Find the line with "Tiết mục văn" in the records below. Copy it and every line after it, up to and including the line with "Más de 200 personas".
[[ STORED DATA open ]]
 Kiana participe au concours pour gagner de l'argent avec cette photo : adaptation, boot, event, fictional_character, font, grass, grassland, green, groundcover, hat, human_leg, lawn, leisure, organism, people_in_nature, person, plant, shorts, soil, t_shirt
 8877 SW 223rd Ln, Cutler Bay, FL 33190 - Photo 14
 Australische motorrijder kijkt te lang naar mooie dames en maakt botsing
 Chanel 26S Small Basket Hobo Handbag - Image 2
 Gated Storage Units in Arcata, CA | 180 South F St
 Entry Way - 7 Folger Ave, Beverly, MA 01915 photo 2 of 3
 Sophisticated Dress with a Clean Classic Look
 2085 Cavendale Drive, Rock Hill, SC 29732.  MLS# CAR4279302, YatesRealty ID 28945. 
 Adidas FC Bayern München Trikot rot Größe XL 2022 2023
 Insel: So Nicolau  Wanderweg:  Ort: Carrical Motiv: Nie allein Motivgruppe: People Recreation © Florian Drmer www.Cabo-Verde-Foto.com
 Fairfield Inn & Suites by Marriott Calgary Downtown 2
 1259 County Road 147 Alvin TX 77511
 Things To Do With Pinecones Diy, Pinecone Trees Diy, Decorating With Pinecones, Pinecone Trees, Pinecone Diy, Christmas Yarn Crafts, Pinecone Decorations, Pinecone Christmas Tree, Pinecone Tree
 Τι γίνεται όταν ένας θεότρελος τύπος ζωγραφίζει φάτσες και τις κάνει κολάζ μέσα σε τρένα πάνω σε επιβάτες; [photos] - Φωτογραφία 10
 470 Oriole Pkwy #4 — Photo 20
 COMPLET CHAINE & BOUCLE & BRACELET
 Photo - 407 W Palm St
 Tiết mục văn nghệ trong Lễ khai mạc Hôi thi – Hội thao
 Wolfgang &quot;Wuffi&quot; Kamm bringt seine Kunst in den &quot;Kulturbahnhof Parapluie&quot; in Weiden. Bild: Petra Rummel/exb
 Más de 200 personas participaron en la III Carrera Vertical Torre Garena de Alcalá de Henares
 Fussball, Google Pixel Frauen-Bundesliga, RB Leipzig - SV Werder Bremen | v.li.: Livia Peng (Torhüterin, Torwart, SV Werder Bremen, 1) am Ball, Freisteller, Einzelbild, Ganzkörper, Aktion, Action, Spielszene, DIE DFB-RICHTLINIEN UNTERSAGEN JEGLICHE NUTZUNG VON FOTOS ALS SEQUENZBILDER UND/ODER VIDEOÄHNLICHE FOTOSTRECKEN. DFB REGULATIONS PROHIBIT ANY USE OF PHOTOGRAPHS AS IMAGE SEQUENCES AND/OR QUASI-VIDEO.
[[ STORED DATA closed ]]
▶ EXPECTED ANSWER
 Tiết mục văn nghệ trong Lễ khai mạc Hôi thi – Hội thao
 Wolfgang &quot;Wuffi&quot; Kamm bringt seine Kunst in den &quot;Kulturbahnhof Parapluie&quot; in Weiden. Bild: Petra Rummel/exb
 Más de 200 personas participaron en la III Carrera Vertical Torre Garena de Alcalá de Henares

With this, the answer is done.